*Record set*:
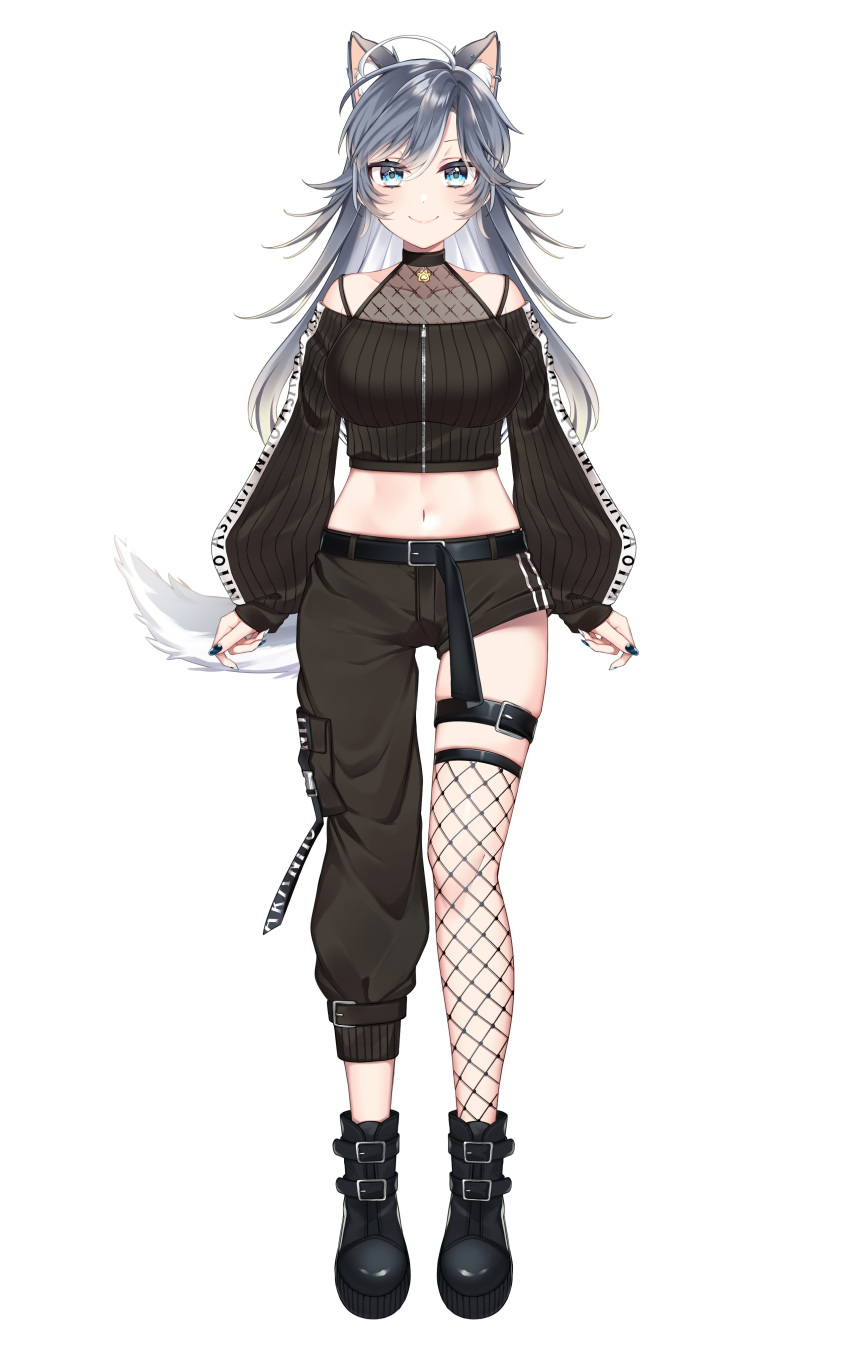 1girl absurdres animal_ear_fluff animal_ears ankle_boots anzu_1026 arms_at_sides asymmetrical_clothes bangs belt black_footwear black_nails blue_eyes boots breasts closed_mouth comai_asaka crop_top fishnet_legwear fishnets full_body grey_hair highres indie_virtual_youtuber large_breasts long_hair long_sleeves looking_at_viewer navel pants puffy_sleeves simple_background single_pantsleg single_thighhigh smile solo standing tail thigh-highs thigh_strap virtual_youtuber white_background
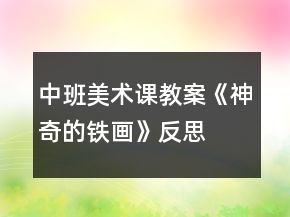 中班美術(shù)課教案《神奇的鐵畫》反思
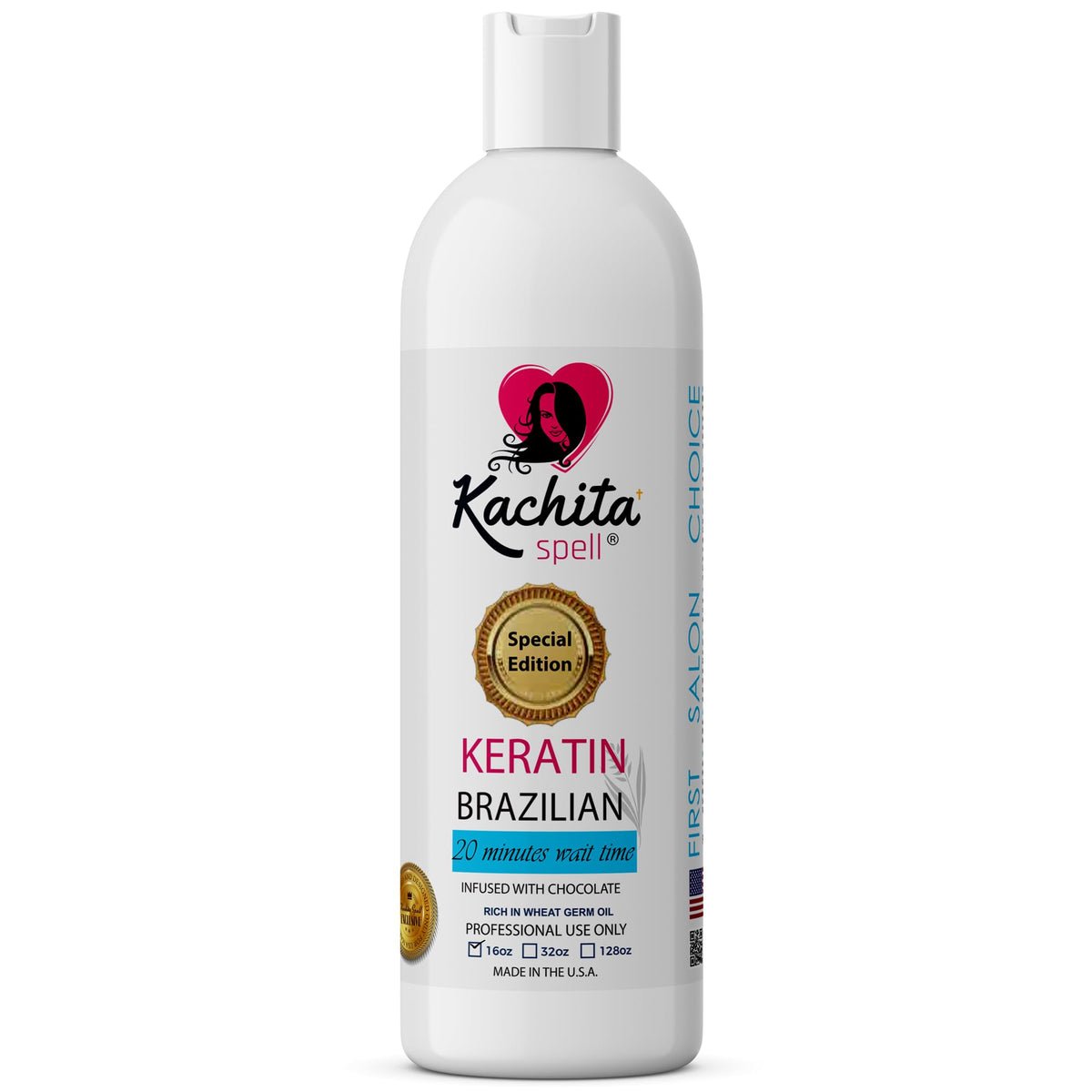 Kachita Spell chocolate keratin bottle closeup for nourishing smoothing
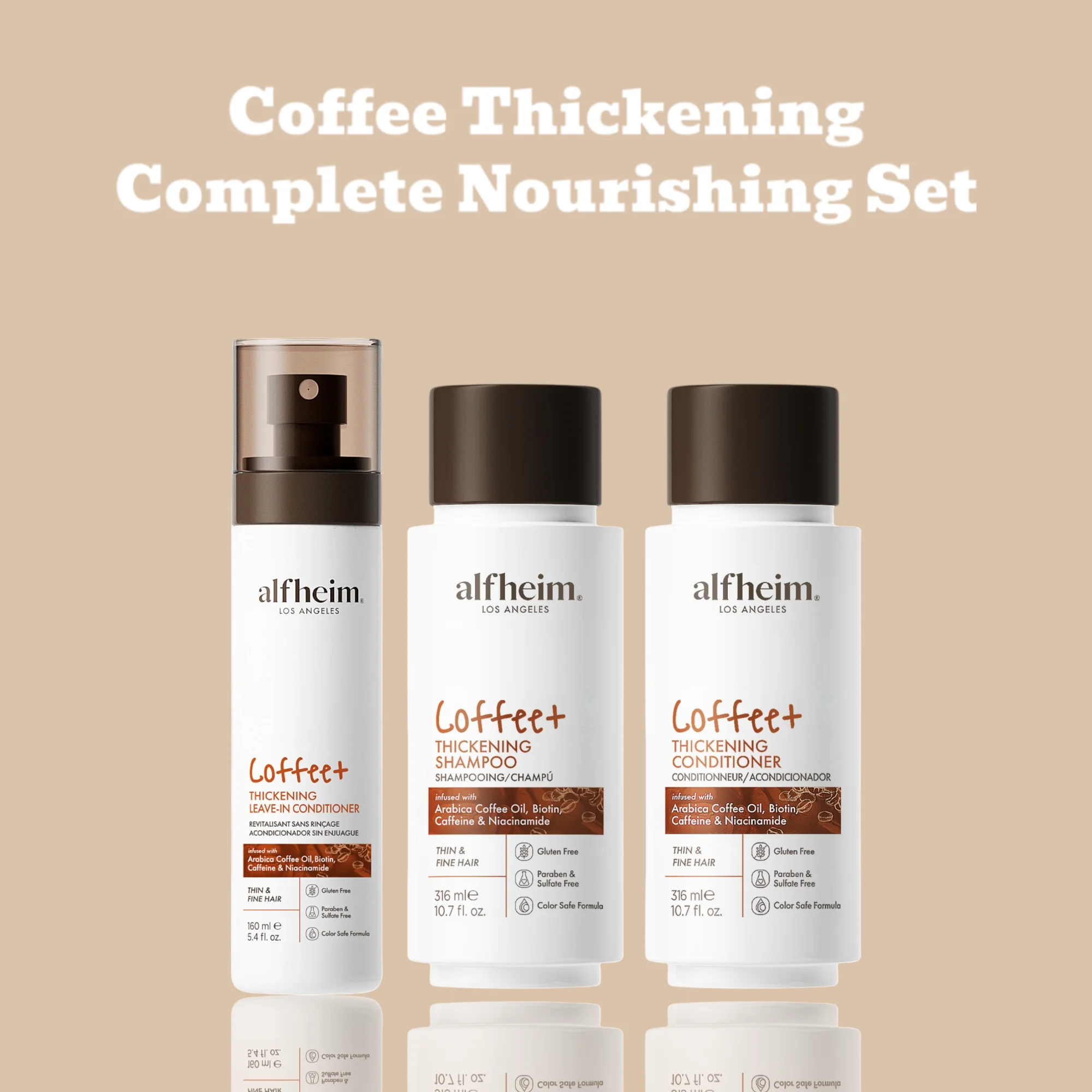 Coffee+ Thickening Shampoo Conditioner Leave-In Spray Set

--

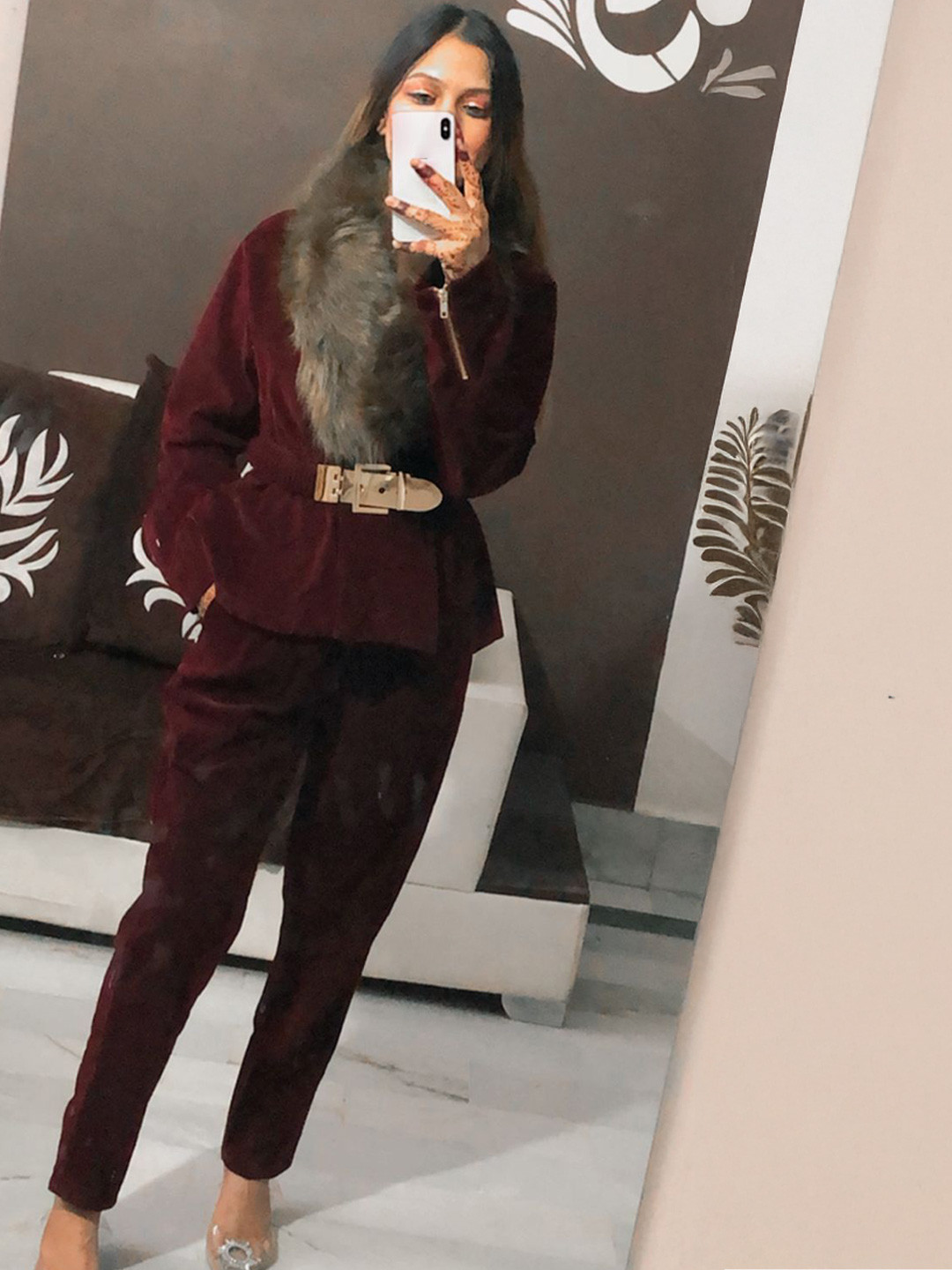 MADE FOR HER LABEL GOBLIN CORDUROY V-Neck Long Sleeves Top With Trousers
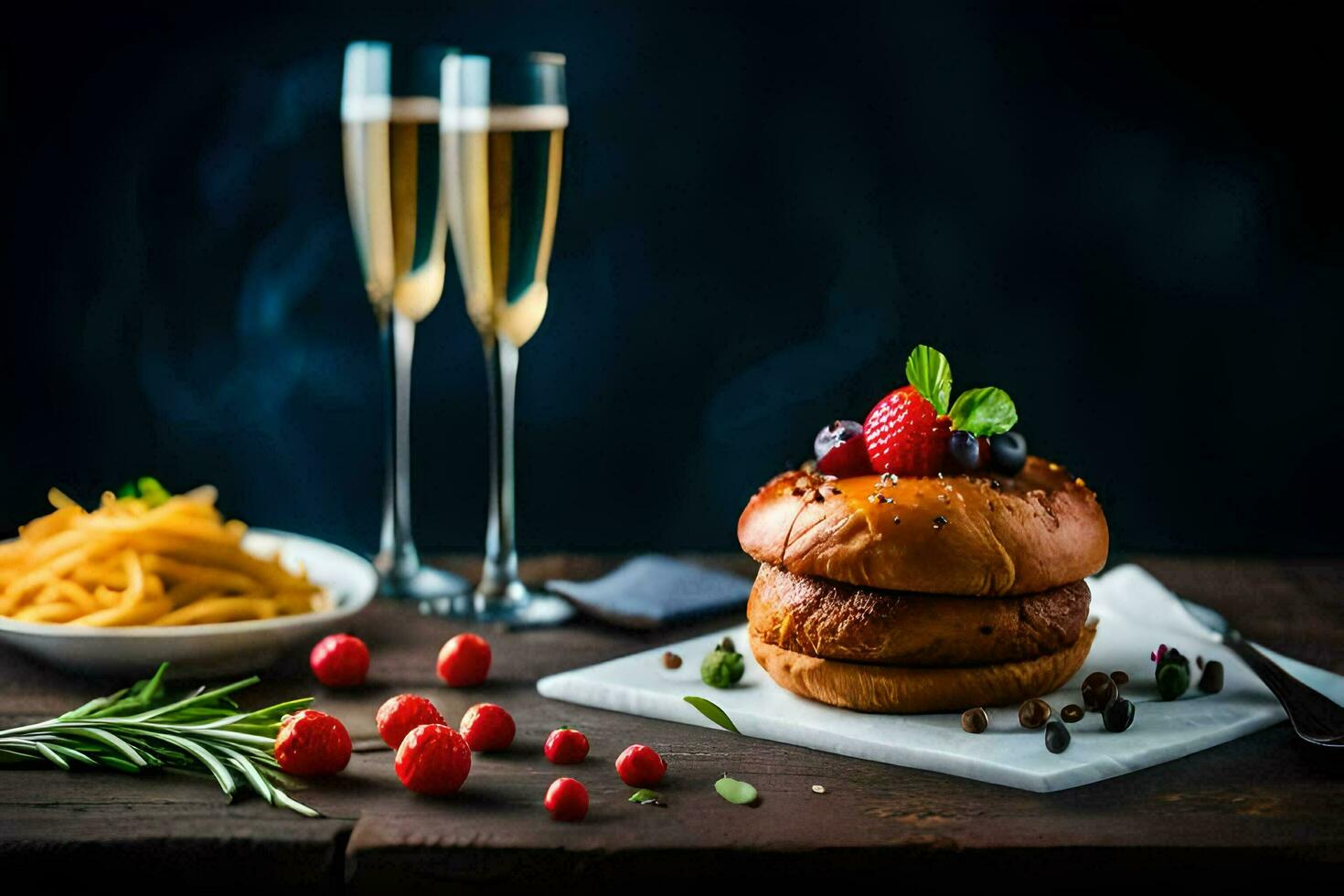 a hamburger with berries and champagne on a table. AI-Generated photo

...

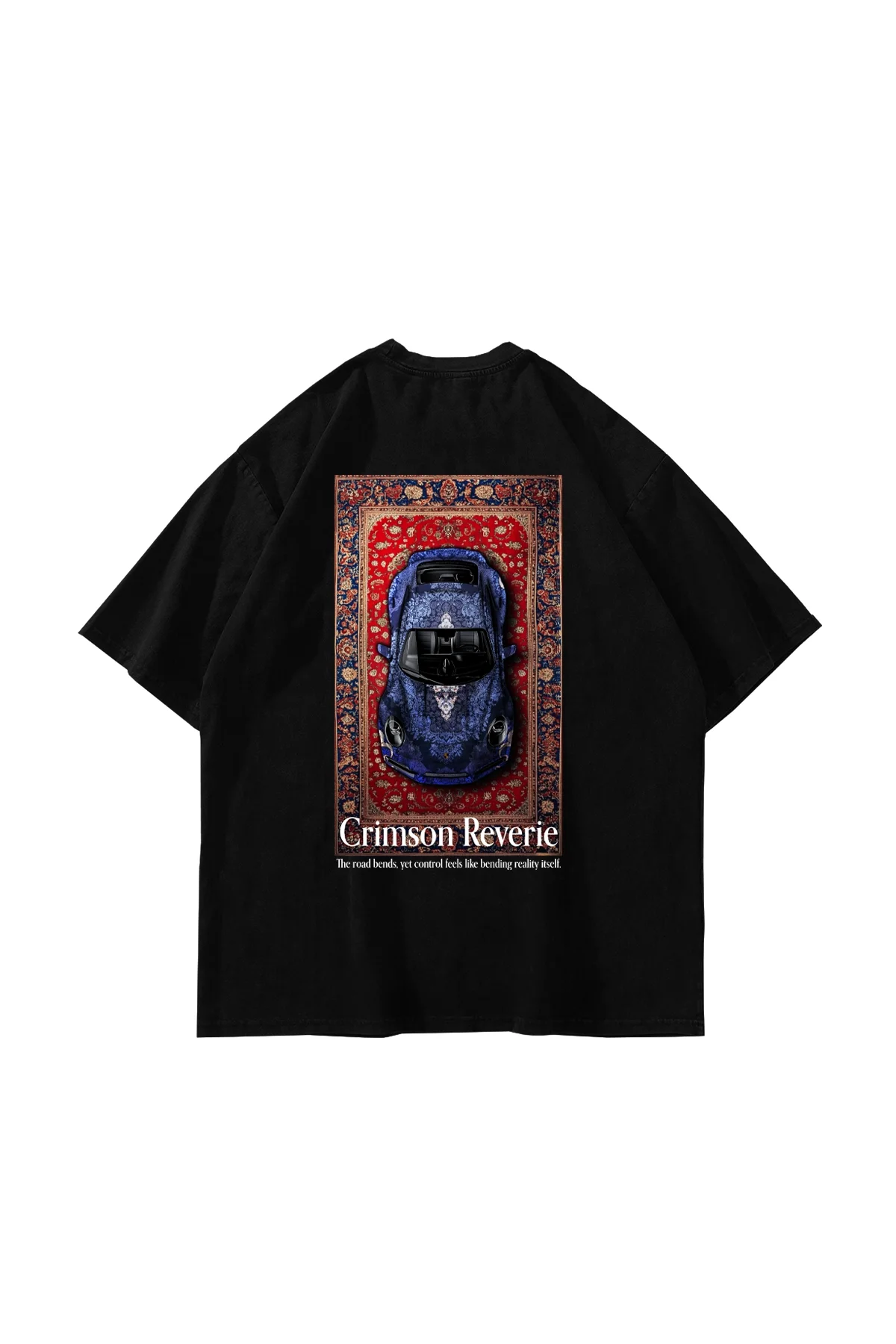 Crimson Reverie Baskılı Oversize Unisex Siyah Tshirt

*Work instruction*:
The lines to copy exactly start with the line above that has "Kachita Spell chocolate" and go on through the line that has "Coffee+ Thickening Shampoo"; please include both, add nothing else, and omit the pictures.

*Response to this task*:
 Kachita Spell chocolate keratin bottle closeup for nourishing smoothing
 Coffee+ Thickening Shampoo Conditioner Leave-In Spray Set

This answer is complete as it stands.